Web page caption snippets
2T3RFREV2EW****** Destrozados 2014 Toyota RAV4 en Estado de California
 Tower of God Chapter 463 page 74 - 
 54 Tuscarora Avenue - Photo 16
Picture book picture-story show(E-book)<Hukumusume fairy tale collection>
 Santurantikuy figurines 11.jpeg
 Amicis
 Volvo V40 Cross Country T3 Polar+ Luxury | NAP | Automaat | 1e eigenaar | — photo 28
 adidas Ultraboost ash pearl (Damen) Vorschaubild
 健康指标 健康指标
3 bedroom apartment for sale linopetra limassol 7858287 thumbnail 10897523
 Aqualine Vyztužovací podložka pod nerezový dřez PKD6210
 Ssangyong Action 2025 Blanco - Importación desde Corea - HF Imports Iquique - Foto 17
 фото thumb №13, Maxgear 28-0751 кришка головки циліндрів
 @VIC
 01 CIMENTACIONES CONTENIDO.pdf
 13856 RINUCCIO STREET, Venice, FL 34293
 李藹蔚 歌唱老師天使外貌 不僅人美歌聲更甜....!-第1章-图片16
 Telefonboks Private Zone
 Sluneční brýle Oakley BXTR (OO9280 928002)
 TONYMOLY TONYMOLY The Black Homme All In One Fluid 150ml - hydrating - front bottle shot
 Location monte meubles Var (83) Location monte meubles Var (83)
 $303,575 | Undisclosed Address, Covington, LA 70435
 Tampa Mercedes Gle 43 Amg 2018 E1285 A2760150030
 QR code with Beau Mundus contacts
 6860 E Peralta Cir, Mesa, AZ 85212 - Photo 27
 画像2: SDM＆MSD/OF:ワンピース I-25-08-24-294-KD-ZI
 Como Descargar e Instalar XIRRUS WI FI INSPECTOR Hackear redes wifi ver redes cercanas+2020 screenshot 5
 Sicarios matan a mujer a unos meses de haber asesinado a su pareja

### Problem to work on
Reproduce verbatim the lines above, from the line with "Sluneční brýle Oakley BXTR (OO9280 928002)" through the line with "Covington, LA 70435".

### Response box
 Sluneční brýle Oakley BXTR (OO9280 928002)
 TONYMOLY TONYMOLY The Black Homme All In One Fluid 150ml - hydrating - front bottle shot
 Location monte meubles Var (83) Location monte meubles Var (83)
 $303,575 | Undisclosed Address, Covington, LA 70435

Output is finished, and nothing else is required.